Idea Submitted · Last Updated

Comments

  • Paul Newcome
    Paul Newcome ✭✭✭✭✭✭

    There are a couple of other options that can be used to make life a little easier using MID/FIND/SUBSTITUTE combos or UNICHAR characters.


    SUBSTITUTE method:

    Join all cells on the source sheet using the same delimiter (start and finish the string with that same character to really make life easier). Make sure it is not something that is going to already be included in the data. You are also going to need to pick a second character that won't be included in any of the string data. I will use "!" as the string delimiter and "~" as the second character.

    Bring your string over to the target sheet, and then use something along the lines of

    =MID(String@row, FIND("~", SUBSTITUTE(String@row, "!", "~", 1)) + 1, FIND("~", SUBSTITUTE(String@row, "!", "~", 2)) - (FIND("~", SUBSTITUTE(String@row, "!", "~", 1))))


    That first SUBSTITUTE function replaces the first "!" with "~" making the "~" the only one in the string. That makes it really easy to FIND it and add 1 to establish our starting position for the MID function. The second SUBSTITUTE does the same thing but swaps out the second "!". The FIND function allows us to establish the stopping point. Once we subtract the starting point from the stopping point we have the number of characters for the MID function.

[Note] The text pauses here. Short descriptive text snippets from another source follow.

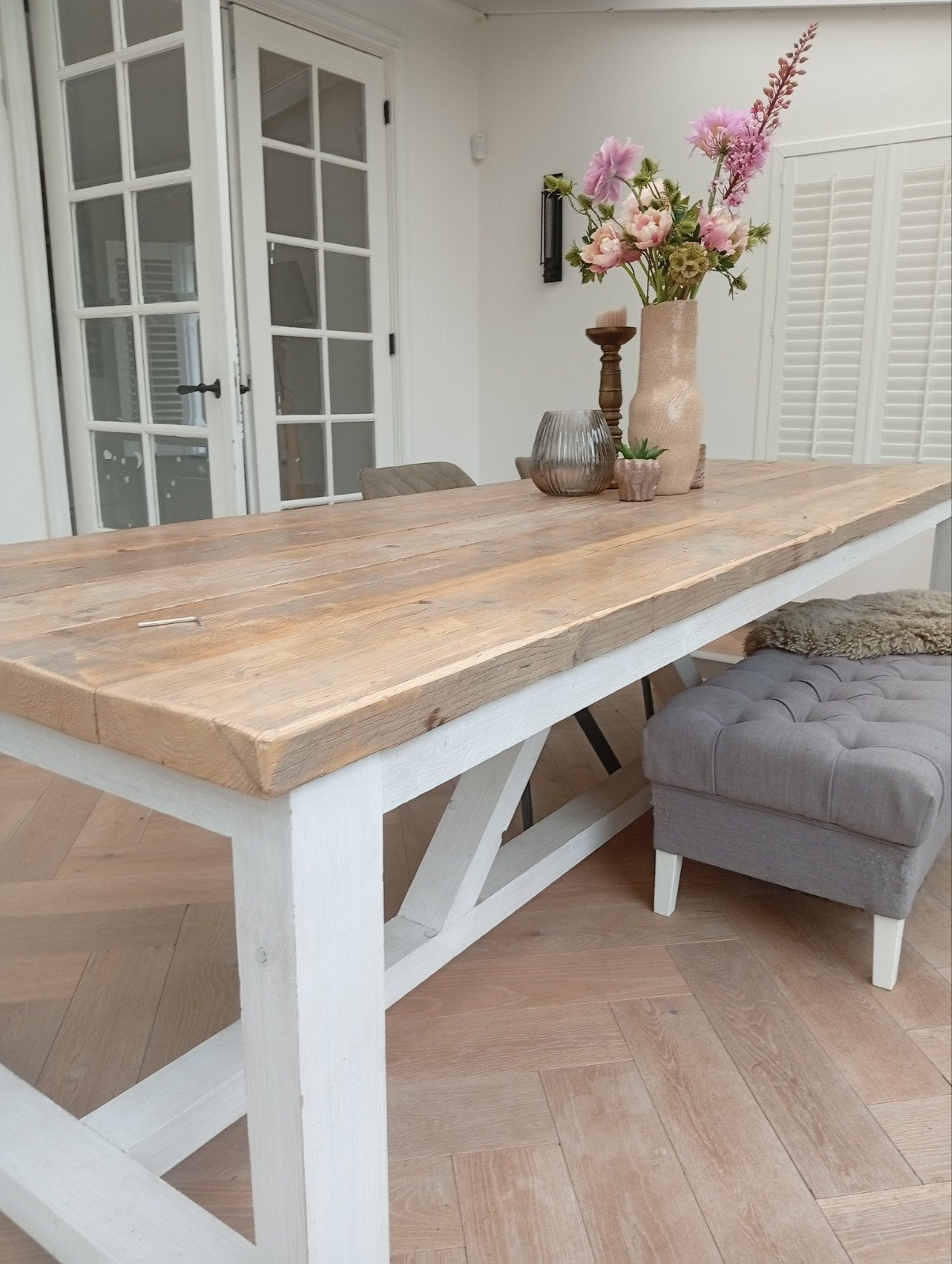 kloostertafel met wit onderstel, Ophalen, Gebruikt, 200 cm of meer, 50 tot 100 cm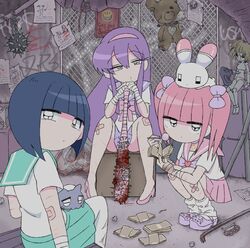  3girls :o animal animal_on_head animal_on_lap ball_and_chain_(weapon) bandaged_arm bandaged_wrist bandages bandaid bandaid_on_knee bandaid_on_leg black_eyes blue_hair blunt_bangs bow box brass_knuckles chain-link_fence closed_mouth club_(weapon) commentary_request crocs crowbar crystal delinquent doll expressionless ezaki_bisuko feline fence gauze_on_arm gauze_on_knee graffiti green_sailor_collar green_skirt hair_between_eyes hairband hairbow heart hexagram high_heels highres holding holding_club holding_weapon injury jewelry jitome lead_pipe long_hair looking_at_viewer menhera-chan_(ezaki_bisuko) menhera-chan_(ezaki_bisuko)_(character) money multiple_girls necklace nekotan_(ezaki_bisuko) official_art on_head on_lap paper pink_bow pink_footwear pink_hair pink_hairband pink_sailor_collar pink_skirt poster_(medium) purple_bow purple_footwear purple_sailor_collar purple_skirt rabbit sabukaru-chan_(ezaki_bisuko) sailor_collar school_uniform serafuku shaded_face short_twintails sidelocks sitting skirt slav_squatting smiley_face spiked_ball_and_chain spiked_club spread_legs squatting star_of_david stuffed_animal stuffed_toy teddy_bear twintails usatan_(ezaki_bisuko) weapon white_leg_warmers white_serafuku yumekawa-chan_(ezaki_bisuko) 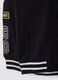 Black pure cotton college-style sweatshirt with logo, regular fit for boys_3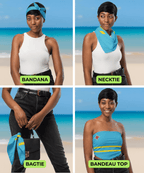 Antigua & Barbuda Flag Bandana All-Over Print Bandana La Vie Bien Antigua & Barbuda Flag Bandana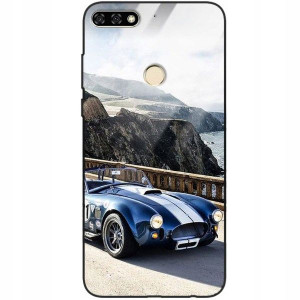 Etui Szklane do HUAWEI HONOR 7A Case Auta Wzory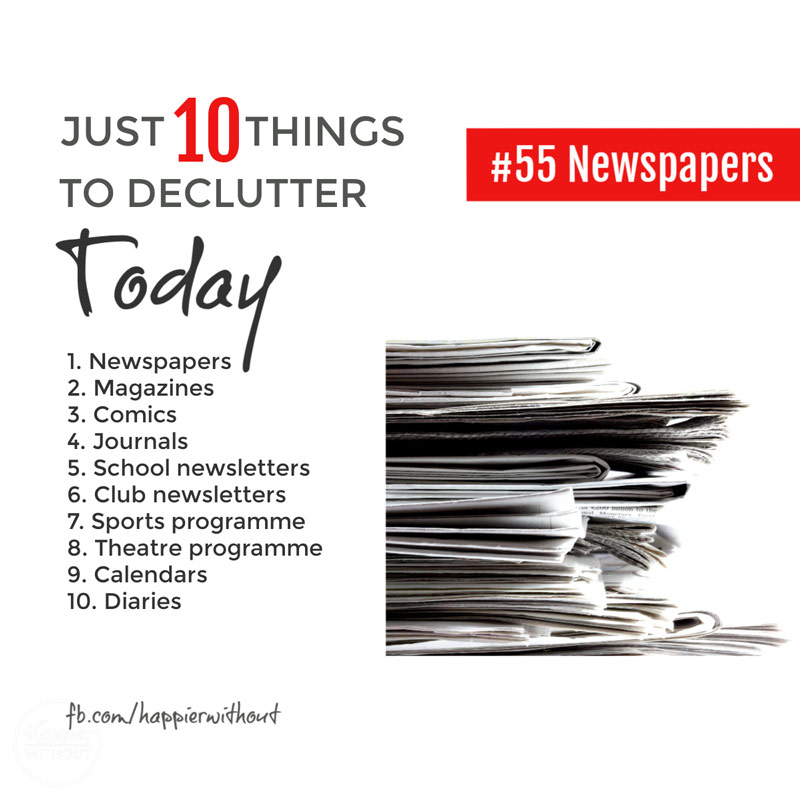 Declutter all those newspapers and magazines piled up and scattered around the house and enjoy living clutter free #declutter #clutterfree #organize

    So within the three SUBSTITUTE functions we have 1 / 2 / 1. T. get the second piece from the string we update it to 2 / 3 / 2. The third piece from the string is 3 / 4 / 3, so on and so forth. If it is feasible, you can even use helper cells with references to allow you to use it as a column formula if you are parsing down a column or dragfill if you are parsing across a row by changing the hard coded numbers to

    [Number Column]@row / [Number Column]@row + 1 / [Number Column]@row.


    .


    UNICHAR method:

    This is very similar to the method above, but I use this when the string I want to pull together isn't in the same order as the sheet or has extra cells in between to the point where I can't use a JOIN function on the source sheet. Since I can't use the JOIN function and will have to manually input my delimiters anyway, I usually use different ones across the string, but I make it ones that are easy to use.

    =UNICHAR(9601) + [First Column]@row + UNICHAR(9602) + [Second Column]@row + UNICHAR(9603)

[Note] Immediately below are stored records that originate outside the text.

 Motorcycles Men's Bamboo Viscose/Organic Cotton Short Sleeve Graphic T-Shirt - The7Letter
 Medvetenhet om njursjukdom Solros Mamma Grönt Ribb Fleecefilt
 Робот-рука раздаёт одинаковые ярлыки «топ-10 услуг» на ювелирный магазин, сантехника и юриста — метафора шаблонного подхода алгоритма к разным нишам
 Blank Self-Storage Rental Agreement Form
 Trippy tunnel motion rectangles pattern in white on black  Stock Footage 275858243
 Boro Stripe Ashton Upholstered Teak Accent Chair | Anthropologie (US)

    From there we use the same MID/FIND combo but without needing the SUBSTITUTE function.

    =MID(String@row, FIND(UNICHAR(9601), String@row) + 1, FIND(UNICHAR(9602), String@row - (FIND(UNICHAR(9601), String@row) + 1))


    You can also use cell references to automate which UNICHAR to look for using a very similar method (same logic).

    =MID(String@row, FIND(UNICHAR(9600 + [Number Column]@row), String@row) + 1, FIND(UNICHAR(9600 + [Number Column]@row + 1), String@row - (FIND(UNICHAR(9600 + [Number Column]@row), String@row) + 1))


    .


    It is still more complex than an EXTRACT function, but it is the cleanest way I have found to meet this particular challenge (so far).

  • Lucas Rayala
    Lucas Rayala ✭✭✭✭✭✭
    edited 06/10/23

    These are great @Paul Newcome . I especially like this:

    =MID(String@row, FIND(UNICHAR(9601), String@row) + 1, FIND(UNICHAR(9602), String@row - (FIND(UNICHAR(9601), String@row) + 1))

    Seeing it, I have one small tweak to make it shorter and easier to visually parse. We use UNICHAR heavily for visual flags, and only just realized it’s a lot easier to parse a formula when you input the character directly instead of using the function, and it works the same. This is especially helpful in some of our summary fields where we may have a dozen UNICHAR. So your excellent and super clean MID solution becomes:

    =MID(String@row, FIND(🅰️, String@row) + 1, FIND(🅱️, String@row - (FIND(🅰️, String@row) + 1))

  • Paul Newcome
    Paul Newcome ✭✭✭✭✭✭

    @Lucas Rayala That only works if you know how to type those directly (which I don't). 😅


    I personally also like using the UNICHAR because I typically use the [Number Column] cell references to adjust them dynamically so I don't have to manually change the delimiters for every formula. I can either apply it as a column formula or dragfill across a row and be done with it.